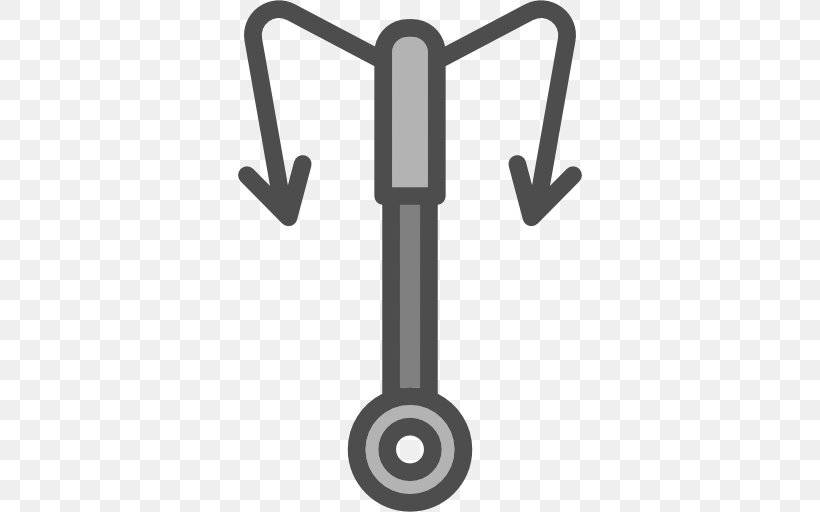 Lifting Hook, PNG, 512x512px, Hook, Black And White, Computer Software, Hardware Accessory, Lifting Hook Download Free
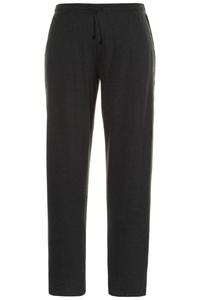 Пижамные штаны JP1880, черный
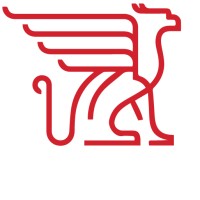 Guidandt logo - Similar company to Sinapsis Ai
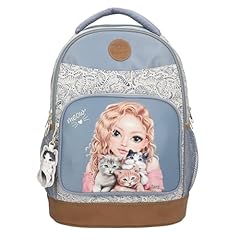 Depesche 13276 topmodel gebraucht kaufen  Wird an jeden Ort in Deutschland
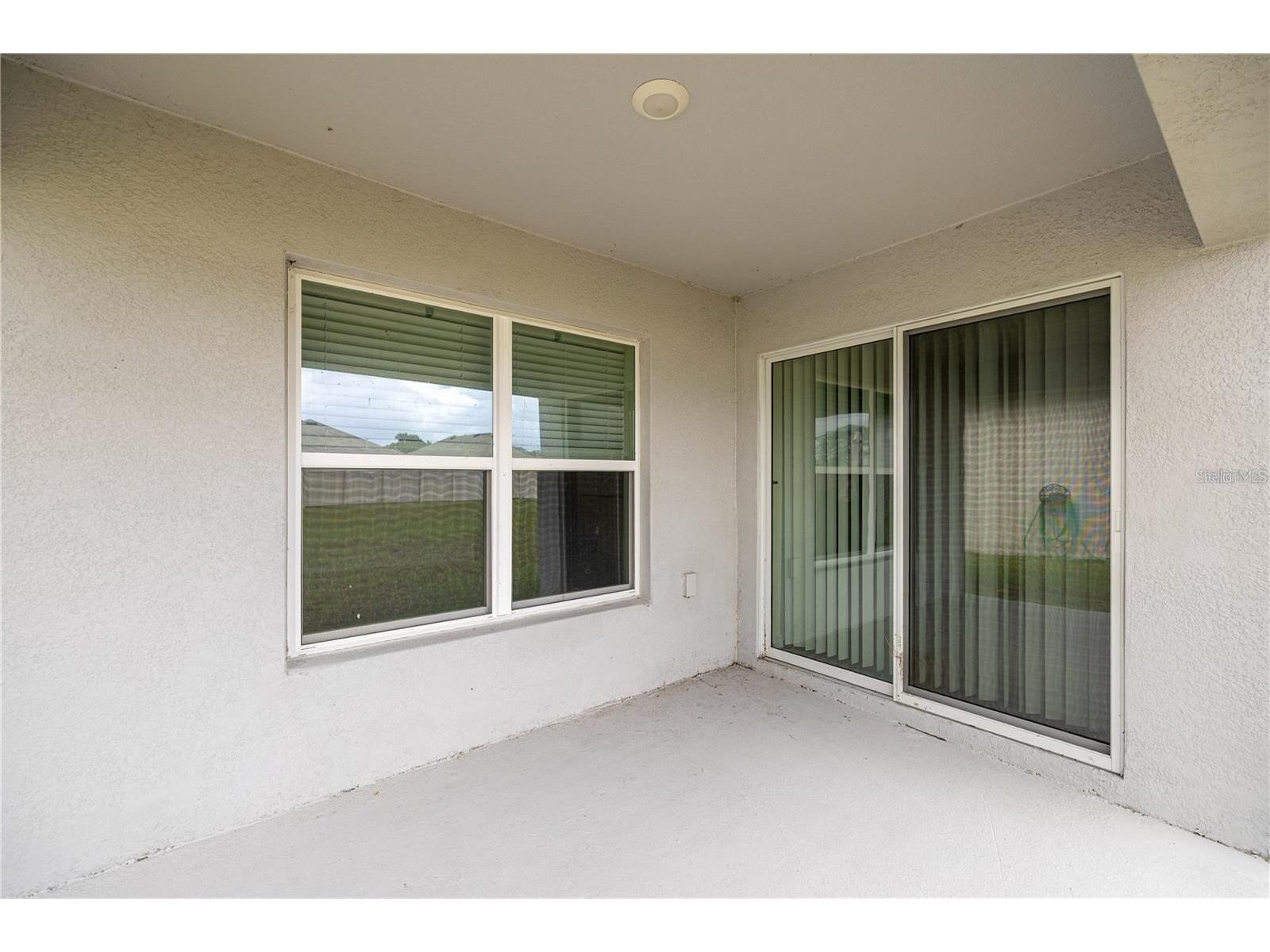 8904 SW 50th Terrace Ocala FL 34476 OM726574 image19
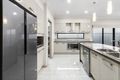 Property photo of 17 Mandalay Parade Fraser Rise VIC 3336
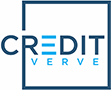 Creditverve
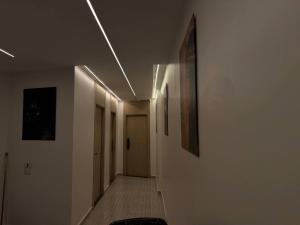 Nefertiti Royal Hotel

WORK TO COMPLETE - With the pictures omitted, print each line of the data above precisely as given.

WRITTEN ANSWER -
 Lifting Hook, PNG, 512x512px, Hook, Black And White, Computer Software, Hardware Accessory, Lifting Hook Download Free
 Пижамные штаны JP1880, черный
 Guidandt logo - Similar company to Sinapsis Ai
 Depesche 13276 topmodel gebraucht kaufen  Wird an jeden Ort in Deutschland
 8904 SW 50th Terrace Ocala FL 34476 OM726574 image19
 Property photo of 17 Mandalay Parade Fraser Rise VIC 3336
 Creditverve
 Nefertiti Royal Hotel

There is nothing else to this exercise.